LONDON — In one of her final acts as prime minister, Theresa May pledged Wednesday to pass legislation that will commit Britain to eliminating its contribution to climate change by 2050, making it the first Group of Seven advanced economies to do so.

“This country led the world in innovation during the Industrial Revolution, and now we must lead the world to a cleaner, greener form of growth,” May said.

Environmental groups welcomed the announcement but raised concerns about how, exactly, Britain plans to reach net zero greenhouse has emissions by 2050. Others said the target was not ambitious enough or would be impossible to achieve.

Major protests in Britain, including by children skipping school to march through cities, have helped push climate change toward the top of the political agenda.

An activist group called Extinction Rebellion has also organized several high-profile protests, leading to more than 1,000 arrests.

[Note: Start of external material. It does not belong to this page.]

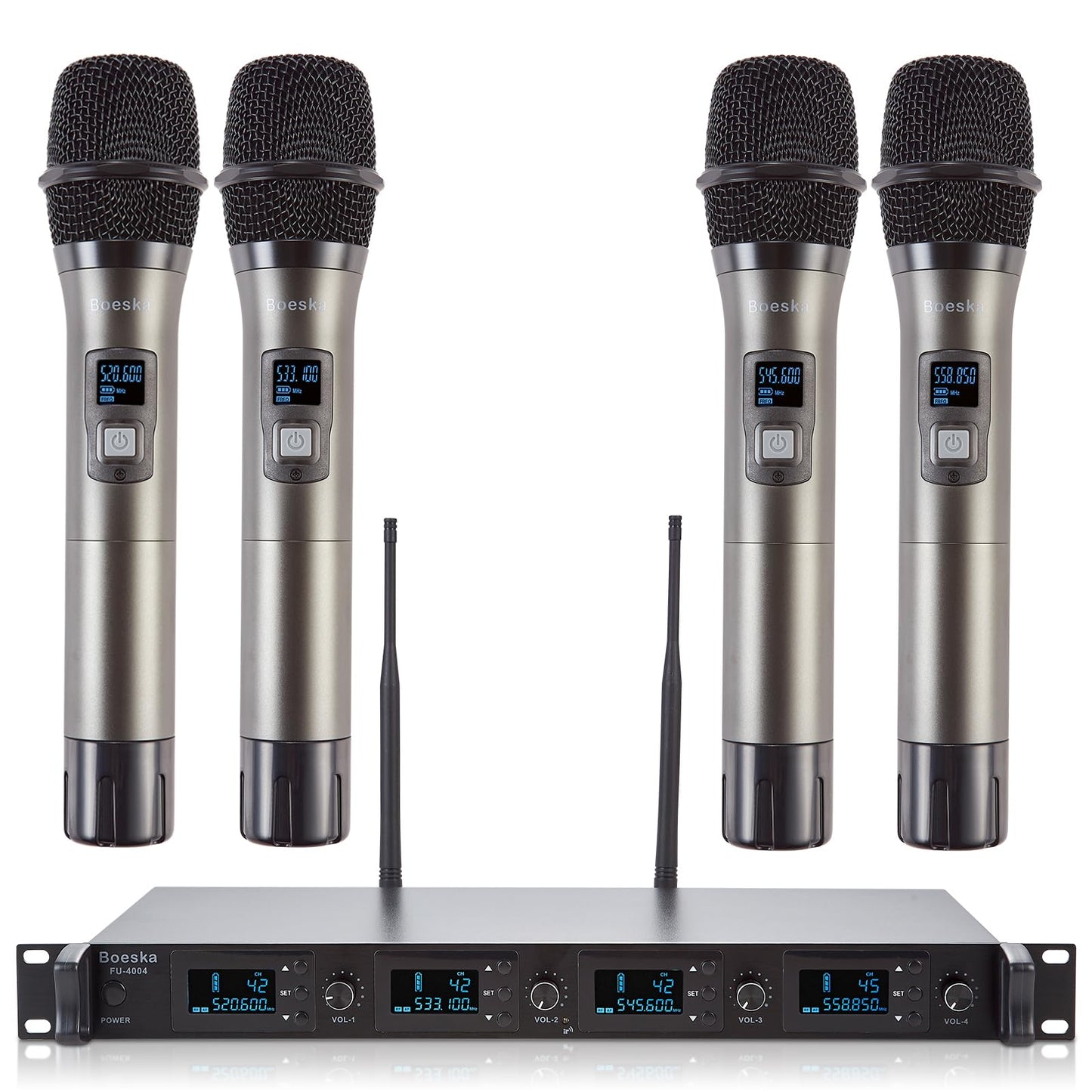 Boeska Wireless Microphone System, 4-Channel UHF Wireless Mic, Fixed Frequency Metal Cordless Mic with 4 Handheld Dynamic Microphones, 200ft Range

One of its demonstrations included a “die-in” at the Natural History Museum, where hundreds of demonstrators lay down in a hall beneath a blue whale skeleton to raise awareness of predicted mass-extinction events caused by humans.

May is keen to cement a legacy beyond Brexit in her final weeks as prime minister. She resigned as party leader Friday and will officially step down as head of government once her successor is picked, mostly likely in late July.

“It’s clear this is a legacy issue, and it really is a tremendous legacy for her to leave behind,” said Bob Ward, policy director for the London-based Grantham Research Institute on Climate Change and the Environment.